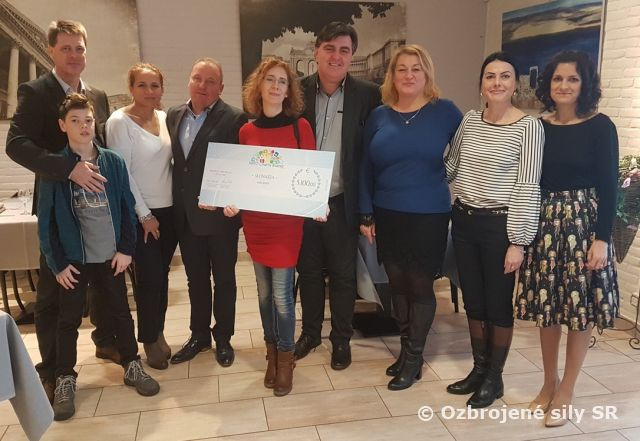 Charitatívny bazár NATO 2017 – slávnostné odovzdanie symbolických šekov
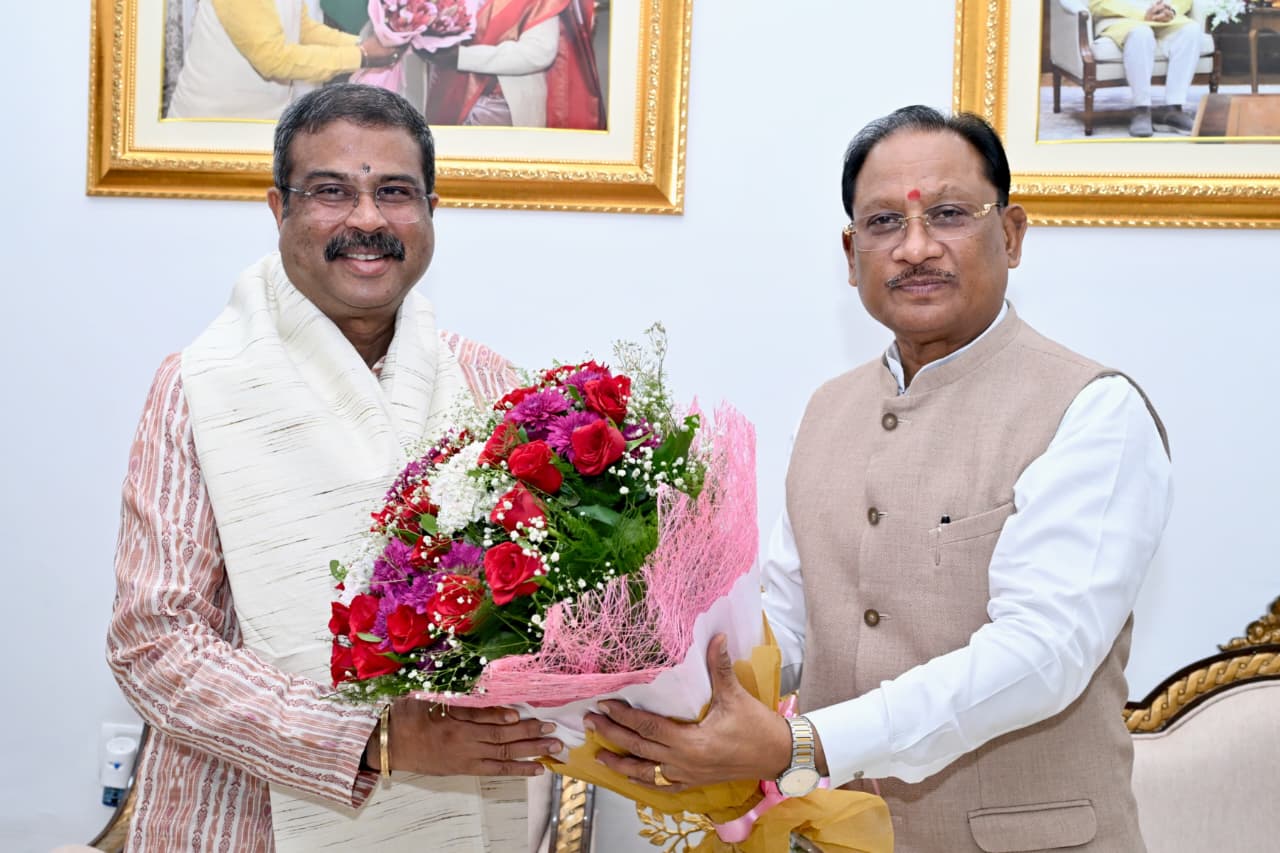 मुख्यमंत्री श्री विष्णु देव साय से सांसद श्री धर्मेंद्र प्रधान ने की शिष्टाचार भेंट
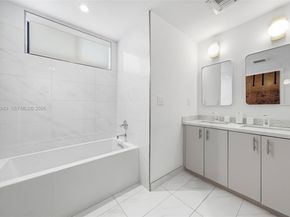 3061 SW 21st Ter 3061, Miami FL 33145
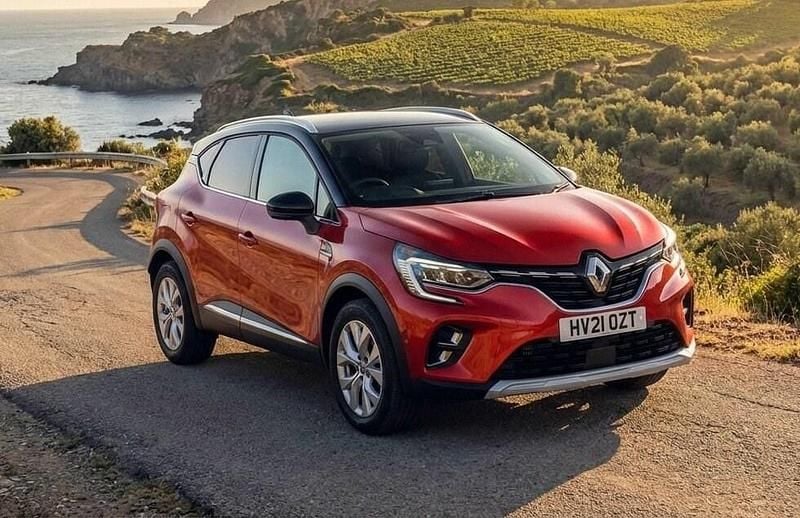 Usado Renault Captur Iconic 130 HP (95 kW) 2021 Vermelho SUV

● **What the exercise asks**:
Extract, word for word, each line from the one that contains "मुख्यमंत्री श्री विष्णु" through the final line of the data above. Leave the pictures out.

● **Reply to the exercise**:
 मुख्यमंत्री श्री विष्णु देव साय से सांसद श्री धर्मेंद्र प्रधान ने की शिष्टाचार भेंट
 3061 SW 21st Ter 3061, Miami FL 33145
 Usado Renault Captur Iconic 130 HP (95 kW) 2021 Vermelho SUV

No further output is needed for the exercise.